━━━━━ MATERIAL PROVIDED ━━━━━

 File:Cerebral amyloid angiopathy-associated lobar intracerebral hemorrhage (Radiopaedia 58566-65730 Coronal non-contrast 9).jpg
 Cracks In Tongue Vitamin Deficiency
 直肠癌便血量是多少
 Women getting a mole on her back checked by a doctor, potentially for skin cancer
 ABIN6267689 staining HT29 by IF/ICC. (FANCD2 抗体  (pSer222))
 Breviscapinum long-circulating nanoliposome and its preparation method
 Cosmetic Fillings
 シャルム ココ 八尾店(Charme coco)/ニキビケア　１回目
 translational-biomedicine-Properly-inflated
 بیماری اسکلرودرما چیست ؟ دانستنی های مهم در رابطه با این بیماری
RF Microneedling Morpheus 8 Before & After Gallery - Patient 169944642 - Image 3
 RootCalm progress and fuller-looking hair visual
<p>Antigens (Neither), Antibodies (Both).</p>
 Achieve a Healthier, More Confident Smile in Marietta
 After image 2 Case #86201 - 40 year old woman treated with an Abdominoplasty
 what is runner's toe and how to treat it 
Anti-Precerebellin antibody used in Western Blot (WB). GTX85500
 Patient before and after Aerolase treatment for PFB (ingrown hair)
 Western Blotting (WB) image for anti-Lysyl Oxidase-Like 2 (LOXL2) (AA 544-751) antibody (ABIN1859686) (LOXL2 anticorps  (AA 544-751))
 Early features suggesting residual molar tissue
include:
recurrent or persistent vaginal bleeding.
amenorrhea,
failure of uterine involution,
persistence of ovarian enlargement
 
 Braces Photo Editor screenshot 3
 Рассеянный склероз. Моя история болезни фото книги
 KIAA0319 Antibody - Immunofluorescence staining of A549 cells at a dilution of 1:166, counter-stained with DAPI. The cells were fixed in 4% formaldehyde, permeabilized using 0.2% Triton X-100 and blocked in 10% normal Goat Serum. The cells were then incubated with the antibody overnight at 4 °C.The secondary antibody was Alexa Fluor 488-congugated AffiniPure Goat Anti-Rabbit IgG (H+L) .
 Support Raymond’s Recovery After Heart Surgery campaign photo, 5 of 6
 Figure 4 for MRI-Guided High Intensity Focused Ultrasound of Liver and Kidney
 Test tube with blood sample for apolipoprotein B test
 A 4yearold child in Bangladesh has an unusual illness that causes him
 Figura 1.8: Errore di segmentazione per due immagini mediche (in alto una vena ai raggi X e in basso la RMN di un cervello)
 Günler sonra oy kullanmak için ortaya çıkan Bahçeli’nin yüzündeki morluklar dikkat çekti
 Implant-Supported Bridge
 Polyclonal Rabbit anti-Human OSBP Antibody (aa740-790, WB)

━━━━━

__PROBLEM TO WORK ON__
The full set of entries must be printed again without any alteration.

__RESULT OF THE EXERCISE__
 File:Cerebral amyloid angiopathy-associated lobar intracerebral hemorrhage (Radiopaedia 58566-65730 Coronal non-contrast 9).jpg
 Cracks In Tongue Vitamin Deficiency
 直肠癌便血量是多少
 Women getting a mole on her back checked by a doctor, potentially for skin cancer
 ABIN6267689 staining HT29 by IF/ICC. (FANCD2 抗体  (pSer222))
 Breviscapinum long-circulating nanoliposome and its preparation method
 Cosmetic Fillings
 シャルム ココ 八尾店(Charme coco)/ニキビケア　１回目
 translational-biomedicine-Properly-inflated
 بیماری اسکلرودرما چیست ؟ دانستنی های مهم در رابطه با این بیماری
RF Microneedling Morpheus 8 Before & After Gallery - Patient 169944642 - Image 3
 RootCalm progress and fuller-looking hair visual
<p>Antigens (Neither), Antibodies (Both).</p>
 Achieve a Healthier, More Confident Smile in Marietta
 After image 2 Case #86201 - 40 year old woman treated with an Abdominoplasty
 what is runner's toe and how to treat it 
Anti-Precerebellin antibody used in Western Blot (WB). GTX85500
 Patient before and after Aerolase treatment for PFB (ingrown hair)
 Western Blotting (WB) image for anti-Lysyl Oxidase-Like 2 (LOXL2) (AA 544-751) antibody (ABIN1859686) (LOXL2 anticorps  (AA 544-751))
 Early features suggesting residual molar tissue
include:
recurrent or persistent vaginal bleeding.
amenorrhea,
failure of uterine involution,
persistence of ovarian enlargement
 
 Braces Photo Editor screenshot 3
 Рассеянный склероз. Моя история болезни фото книги
 KIAA0319 Antibody - Immunofluorescence staining of A549 cells at a dilution of 1:166, counter-stained with DAPI. The cells were fixed in 4% formaldehyde, permeabilized using 0.2% Triton X-100 and blocked in 10% normal Goat Serum. The cells were then incubated with the antibody overnight at 4 °C.The secondary antibody was Alexa Fluor 488-congugated AffiniPure Goat Anti-Rabbit IgG (H+L) .
 Support Raymond’s Recovery After Heart Surgery campaign photo, 5 of 6
 Figure 4 for MRI-Guided High Intensity Focused Ultrasound of Liver and Kidney
 Test tube with blood sample for apolipoprotein B test
 A 4yearold child in Bangladesh has an unusual illness that causes him
 Figura 1.8: Errore di segmentazione per due immagini mediche (in alto una vena ai raggi X e in basso la RMN di un cervello)
 Günler sonra oy kullanmak için ortaya çıkan Bahçeli’nin yüzündeki morluklar dikkat çekti
 Implant-Supported Bridge
 Polyclonal Rabbit anti-Human OSBP Antibody (aa740-790, WB)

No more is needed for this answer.